Das Ministerium werde den Richter auch auffordern, Maßnahmen im Zusammenhang mit künstlicher Intelligenz und dem Smartphone-Betriebssystem Android zu ergreifen, hieß es weiter. Eine Anfrage der Nachrichtenagentur Reuters zur Stellungnahme lehnte das Justizministerium zunächst ab. Gegenüber Reuters bezeichnete Google das Vorgehen des Ministeriums als „radikale Agenda, die weit über die rechtlichen Fragen in diesem Fall hinausgeht“ und den Verbrauchern schade. Das Unternehmen kündigte an, nach der für den 20. August erwarteten Entscheidung des Bezirksrichters in Berufung zu gehen.

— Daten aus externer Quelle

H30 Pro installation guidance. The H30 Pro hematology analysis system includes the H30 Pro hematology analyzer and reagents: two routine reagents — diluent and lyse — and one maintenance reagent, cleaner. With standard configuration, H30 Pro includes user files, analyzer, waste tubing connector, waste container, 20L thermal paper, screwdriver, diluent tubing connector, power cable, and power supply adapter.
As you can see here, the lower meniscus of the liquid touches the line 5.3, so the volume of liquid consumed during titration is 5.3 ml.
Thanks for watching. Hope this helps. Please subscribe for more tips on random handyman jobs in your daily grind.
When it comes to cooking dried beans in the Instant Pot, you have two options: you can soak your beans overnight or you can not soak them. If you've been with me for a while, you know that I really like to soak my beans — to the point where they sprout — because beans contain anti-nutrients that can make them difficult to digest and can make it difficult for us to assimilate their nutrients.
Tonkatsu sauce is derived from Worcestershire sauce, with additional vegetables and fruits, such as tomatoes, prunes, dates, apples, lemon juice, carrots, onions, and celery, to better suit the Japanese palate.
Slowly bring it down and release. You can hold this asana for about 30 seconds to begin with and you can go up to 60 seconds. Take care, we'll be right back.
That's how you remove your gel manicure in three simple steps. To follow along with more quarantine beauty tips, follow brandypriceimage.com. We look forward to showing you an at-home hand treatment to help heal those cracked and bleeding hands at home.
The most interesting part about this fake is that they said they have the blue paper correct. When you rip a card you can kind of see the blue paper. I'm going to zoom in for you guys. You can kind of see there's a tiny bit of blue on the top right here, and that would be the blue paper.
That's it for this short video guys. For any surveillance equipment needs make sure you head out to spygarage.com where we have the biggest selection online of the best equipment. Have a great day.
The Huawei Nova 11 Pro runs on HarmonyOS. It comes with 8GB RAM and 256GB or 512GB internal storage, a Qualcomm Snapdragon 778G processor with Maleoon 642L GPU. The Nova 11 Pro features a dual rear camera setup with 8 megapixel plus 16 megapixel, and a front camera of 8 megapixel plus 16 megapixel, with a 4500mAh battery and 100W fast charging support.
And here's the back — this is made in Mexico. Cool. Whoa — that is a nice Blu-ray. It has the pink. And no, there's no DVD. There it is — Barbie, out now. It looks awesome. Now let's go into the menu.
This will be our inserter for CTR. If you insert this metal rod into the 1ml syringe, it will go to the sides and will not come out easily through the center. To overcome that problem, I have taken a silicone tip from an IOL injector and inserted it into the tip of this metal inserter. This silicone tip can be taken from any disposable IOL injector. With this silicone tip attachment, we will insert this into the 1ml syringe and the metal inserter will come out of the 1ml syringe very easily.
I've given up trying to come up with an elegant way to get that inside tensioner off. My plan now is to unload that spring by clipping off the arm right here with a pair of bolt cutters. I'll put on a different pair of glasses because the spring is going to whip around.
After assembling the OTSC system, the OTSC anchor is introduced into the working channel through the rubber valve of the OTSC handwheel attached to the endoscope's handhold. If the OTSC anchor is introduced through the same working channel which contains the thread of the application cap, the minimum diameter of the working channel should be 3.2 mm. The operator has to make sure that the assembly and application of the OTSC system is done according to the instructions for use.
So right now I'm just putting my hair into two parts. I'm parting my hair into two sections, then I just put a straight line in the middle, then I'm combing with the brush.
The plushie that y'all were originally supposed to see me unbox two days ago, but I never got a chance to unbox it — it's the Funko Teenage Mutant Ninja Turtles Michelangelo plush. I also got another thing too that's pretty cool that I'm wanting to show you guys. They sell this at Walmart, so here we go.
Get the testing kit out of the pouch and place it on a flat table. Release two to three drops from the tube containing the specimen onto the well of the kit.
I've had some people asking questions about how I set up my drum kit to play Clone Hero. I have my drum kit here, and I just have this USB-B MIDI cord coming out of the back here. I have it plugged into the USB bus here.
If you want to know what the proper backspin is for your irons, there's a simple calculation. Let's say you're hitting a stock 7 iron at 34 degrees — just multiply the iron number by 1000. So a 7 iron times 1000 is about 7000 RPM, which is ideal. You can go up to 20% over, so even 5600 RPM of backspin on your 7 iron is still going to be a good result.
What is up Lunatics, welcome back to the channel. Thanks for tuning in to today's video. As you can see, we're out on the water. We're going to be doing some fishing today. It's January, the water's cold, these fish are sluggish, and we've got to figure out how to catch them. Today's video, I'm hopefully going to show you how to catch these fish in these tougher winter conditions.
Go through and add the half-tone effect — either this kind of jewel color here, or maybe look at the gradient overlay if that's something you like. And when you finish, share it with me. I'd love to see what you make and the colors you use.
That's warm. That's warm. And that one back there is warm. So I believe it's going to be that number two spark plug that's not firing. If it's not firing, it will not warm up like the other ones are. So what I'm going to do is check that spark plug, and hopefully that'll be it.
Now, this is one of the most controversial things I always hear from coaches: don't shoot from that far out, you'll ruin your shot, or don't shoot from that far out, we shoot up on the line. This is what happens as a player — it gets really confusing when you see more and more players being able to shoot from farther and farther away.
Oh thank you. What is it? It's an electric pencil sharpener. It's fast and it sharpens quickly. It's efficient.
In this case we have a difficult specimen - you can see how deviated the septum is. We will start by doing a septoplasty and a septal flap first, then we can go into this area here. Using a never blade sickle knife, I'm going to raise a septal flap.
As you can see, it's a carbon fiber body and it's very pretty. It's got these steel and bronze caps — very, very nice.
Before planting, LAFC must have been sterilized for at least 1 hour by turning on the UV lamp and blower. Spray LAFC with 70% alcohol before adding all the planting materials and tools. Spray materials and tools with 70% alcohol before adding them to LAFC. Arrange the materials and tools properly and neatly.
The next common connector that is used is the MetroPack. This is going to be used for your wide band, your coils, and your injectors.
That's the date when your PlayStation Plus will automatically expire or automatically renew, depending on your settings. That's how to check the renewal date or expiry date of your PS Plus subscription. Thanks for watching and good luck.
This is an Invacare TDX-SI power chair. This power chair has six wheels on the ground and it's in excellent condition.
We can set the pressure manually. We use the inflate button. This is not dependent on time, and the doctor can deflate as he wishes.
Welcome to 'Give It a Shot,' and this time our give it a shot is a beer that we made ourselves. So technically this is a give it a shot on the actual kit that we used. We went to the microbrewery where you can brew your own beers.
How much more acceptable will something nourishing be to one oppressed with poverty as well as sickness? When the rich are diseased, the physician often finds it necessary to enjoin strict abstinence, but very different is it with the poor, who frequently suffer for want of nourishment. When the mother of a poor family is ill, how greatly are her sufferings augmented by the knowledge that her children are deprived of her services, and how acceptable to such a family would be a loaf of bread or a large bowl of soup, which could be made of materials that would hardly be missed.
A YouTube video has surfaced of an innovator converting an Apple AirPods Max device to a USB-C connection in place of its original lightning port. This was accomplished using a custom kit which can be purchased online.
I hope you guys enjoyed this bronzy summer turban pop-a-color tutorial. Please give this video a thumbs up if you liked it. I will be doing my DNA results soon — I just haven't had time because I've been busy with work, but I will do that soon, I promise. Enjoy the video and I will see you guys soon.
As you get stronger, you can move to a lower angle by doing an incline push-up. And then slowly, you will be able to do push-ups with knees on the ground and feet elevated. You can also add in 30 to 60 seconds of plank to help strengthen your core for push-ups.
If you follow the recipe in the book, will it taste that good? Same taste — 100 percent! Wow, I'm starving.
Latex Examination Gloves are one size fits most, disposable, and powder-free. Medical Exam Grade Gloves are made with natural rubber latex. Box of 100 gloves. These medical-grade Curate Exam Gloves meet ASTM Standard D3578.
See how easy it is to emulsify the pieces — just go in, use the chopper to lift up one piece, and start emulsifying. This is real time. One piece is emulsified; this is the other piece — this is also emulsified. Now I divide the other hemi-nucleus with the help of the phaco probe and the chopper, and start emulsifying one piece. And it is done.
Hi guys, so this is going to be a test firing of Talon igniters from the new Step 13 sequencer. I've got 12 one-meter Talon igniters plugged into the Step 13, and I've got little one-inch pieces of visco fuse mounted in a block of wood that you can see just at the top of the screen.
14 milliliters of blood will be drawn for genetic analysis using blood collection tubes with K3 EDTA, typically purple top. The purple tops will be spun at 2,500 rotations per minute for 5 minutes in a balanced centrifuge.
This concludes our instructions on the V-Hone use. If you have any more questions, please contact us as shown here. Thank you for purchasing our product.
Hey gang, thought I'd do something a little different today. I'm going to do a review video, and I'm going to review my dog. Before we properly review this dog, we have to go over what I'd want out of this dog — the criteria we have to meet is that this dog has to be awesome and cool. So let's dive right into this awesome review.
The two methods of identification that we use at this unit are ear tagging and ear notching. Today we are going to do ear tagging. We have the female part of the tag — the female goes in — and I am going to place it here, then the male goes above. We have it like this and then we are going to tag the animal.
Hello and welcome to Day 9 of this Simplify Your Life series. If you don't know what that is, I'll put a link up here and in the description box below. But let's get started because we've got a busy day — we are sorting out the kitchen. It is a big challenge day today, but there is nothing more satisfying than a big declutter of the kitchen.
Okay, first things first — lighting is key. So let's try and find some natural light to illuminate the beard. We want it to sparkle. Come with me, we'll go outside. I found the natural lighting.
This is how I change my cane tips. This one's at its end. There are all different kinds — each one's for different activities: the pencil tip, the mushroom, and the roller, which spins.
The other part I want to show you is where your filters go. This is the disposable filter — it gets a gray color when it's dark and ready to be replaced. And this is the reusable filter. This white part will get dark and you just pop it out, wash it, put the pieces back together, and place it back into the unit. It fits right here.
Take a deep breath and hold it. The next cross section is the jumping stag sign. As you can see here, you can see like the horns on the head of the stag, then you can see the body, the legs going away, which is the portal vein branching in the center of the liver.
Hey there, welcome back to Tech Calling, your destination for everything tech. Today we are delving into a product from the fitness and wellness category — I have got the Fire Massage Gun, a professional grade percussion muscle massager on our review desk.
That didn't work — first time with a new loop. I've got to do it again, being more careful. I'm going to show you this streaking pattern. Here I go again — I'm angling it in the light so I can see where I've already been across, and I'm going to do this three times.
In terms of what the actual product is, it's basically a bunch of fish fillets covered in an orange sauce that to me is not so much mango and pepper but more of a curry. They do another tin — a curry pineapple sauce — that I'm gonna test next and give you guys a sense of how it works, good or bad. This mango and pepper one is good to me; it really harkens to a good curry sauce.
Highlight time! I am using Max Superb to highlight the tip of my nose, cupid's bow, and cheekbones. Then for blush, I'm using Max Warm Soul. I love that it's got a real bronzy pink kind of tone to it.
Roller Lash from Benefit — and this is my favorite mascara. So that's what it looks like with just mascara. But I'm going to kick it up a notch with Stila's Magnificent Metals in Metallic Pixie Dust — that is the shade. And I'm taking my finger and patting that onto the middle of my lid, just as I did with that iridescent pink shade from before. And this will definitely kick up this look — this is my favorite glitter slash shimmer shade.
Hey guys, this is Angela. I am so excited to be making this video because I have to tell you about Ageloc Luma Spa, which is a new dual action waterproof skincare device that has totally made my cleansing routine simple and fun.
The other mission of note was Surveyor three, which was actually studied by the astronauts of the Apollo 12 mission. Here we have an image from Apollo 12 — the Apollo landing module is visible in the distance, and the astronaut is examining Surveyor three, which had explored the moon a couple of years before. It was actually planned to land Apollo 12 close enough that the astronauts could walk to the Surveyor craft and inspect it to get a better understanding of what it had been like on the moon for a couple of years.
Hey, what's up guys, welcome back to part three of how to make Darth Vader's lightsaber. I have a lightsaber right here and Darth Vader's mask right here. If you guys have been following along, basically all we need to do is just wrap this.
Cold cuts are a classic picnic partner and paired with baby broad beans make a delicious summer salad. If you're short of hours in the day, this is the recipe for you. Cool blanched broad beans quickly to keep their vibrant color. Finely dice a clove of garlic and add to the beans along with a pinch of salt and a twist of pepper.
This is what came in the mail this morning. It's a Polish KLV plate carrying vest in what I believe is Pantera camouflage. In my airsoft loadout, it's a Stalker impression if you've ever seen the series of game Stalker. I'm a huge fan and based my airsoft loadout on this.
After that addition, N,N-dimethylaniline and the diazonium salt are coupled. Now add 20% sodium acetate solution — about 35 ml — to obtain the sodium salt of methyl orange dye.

Bezirksrichter Amit Mehta hatte Anfang August in einem Kartellprozess um Alphabets Marktmacht geurteilt, Google habe bei Online-Suchen und der damit verbundenen Werbung ein illegales Monopol, das es mit milliardenschweren Zahlungen verteidige. Mit dem Urteil ebnete Mehta den Weg für ein Anschluss-Verfahren, an dessen Ende eine Zerschlagung von Alphabet stehen könnte. Alphabet hatte Berufung gegen das Urteil angekündigt. Das Verfahren gilt als „Prozess des Jahrzehnts“, weil die USA erstmals seit langer Zeit einem Unternehmen die Bildung eines illegalen Monopols vorwerfen.
Google kontrolliert rund 90 Prozent des Marktes für Internet-Suchen. Außerdem laufen ein Großteil aller Smartphones mit dem Betriebssystem Android. Dem Gericht zufolge zahlte der Konzern im Jahr 2021 etwa 26,3 Milliarden Dollar an Hersteller von Elektronikgeräten, damit die Google-Suche standardmäßig in den Internet-Browsern dieser Geräte eingestellt ist. Schätzungen zufolge sichert sich Alphabet damit den Löwenanteil des weltweit 200 Milliarden Dollar schweren Marktes für Online-Werbung in Suchmaschinen.
Am Ende könnte jedoch die Wiederwahl von Donald Trump zum Präsidenten Einfluss auf den Fall haben: Letzten Monat kündigte er auf Truth Social eine Untersuchung des Justizministeriums gegen Google an, da die Suchmaschine „nur schlechte Geschichten“ über ihn anbiete. Wenige Wochen später äußerte Trump jedoch Bedenken hinsichtlich der Auswirkungen einer möglichen Zerschlagung auf die Wettbewerbsfähigkeit gegenüber China und stellte die Angemessenheit dieses Vorgehens in Frage.